MARIANE: Oui. Mon cur s'est ému dès le moment que vous
avez ouvert la bouche; et notre mère, que vous allez ravir,
m'a mille fois entretenue des disgrâces de notre famille. Le
Ciel ne nous fit point aussi périr dans ce triste naufrage;
mais il ne nous sauva la vie que par la perte de notre
liberté; et ce furent des corsaires qui nous recueillirent, ma
mère et moi, sur un débris de notre vaisseau. Après dix
ans d'esclavage, une heureuse fortune nous rendit notre
liberté, et nous retournâmes dans Naples, où nous
trouvâmes tout notre bien vendu, sans y pouvoir trouver des
nouvelles de notre père. Nous passâmes à Gênes, où
ma mère alla ramasser quelques malheureux restes d'une
succession qu'on avait déchirée; et de là, fuyant la
barbare injustice de ses parents, elle vint en ces lieux, où
elle n'a presque vécu que d'une vie languissante.
ANSELME: Ô Ciel! quels sont les traits de ta puissance! et que
tu fais bien voir qu'il n'appartient qu'à toi de faire des
miracles! Embrassez-moi, mes enfants, et mêlez tous deux vos
transports à ceux de votre père.
VALÈRE: Vous êtes notre père?
MARIANE: C'est vous que ma mère a tant pleuré?

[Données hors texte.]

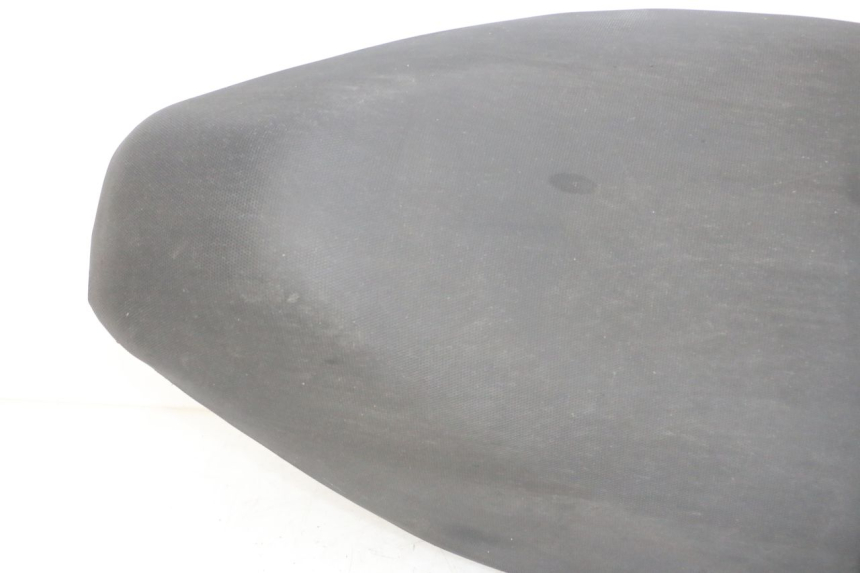 photo de SIEDZENIE PIAGGIO ZIP 2T 50 (2009 - 2019) - Zbliżenie techniczne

ANSELME: Oui, ma fille, oui, mon fils, je suis Dom Thomas
d'Alburcy, que le Ciel garantit des ondes avec tout l'argent
qu'il portait, et qui vous ayant tous crus morts durant plus de
seize ans, se préparait, après de longs voyages, à
chercher dans l'hymen d'une douce et sage personne la consolation
de quelque nouvelle famille. Le peu de sûreté que j'ai vu
pour ma vie à retourner à Naples, m'a fait y renoncer pour
toujours; et ayant su trouver moyen d'y faire vendre ce que j'y
avais, je me suis habitué ici, où, sous le nom d'Anselme,
j'ai voulu m'éloigner les chagrins de cet autre nom qui m'a
causé tant de traverses.
HARPAGON: C'est là votre fils?
ANSELME: Oui.
HARPAGON: Je vous prends à partie, pour me payer dix mille
écus qu'il m'a volés.
ANSELME: Lui, vous avoir volé?
HARPAGON: Lui-même.
VALÈRE: Qui vous dit cela?
HARPAGON: Maître Jacques.
VALÈRE: C'est toi qui le dis?
MAÎTRE JACQUES: Vous voyez que je ne dis rien.
HARPAGON: Oui: voilà monsieur le commissaire qui a reçu sa
déposition.
VALÈRE: Pouvez-vous me croire capable d'une action si lâche?
HARPAGON: Capable ou non capable, je veux ravoir mon argent.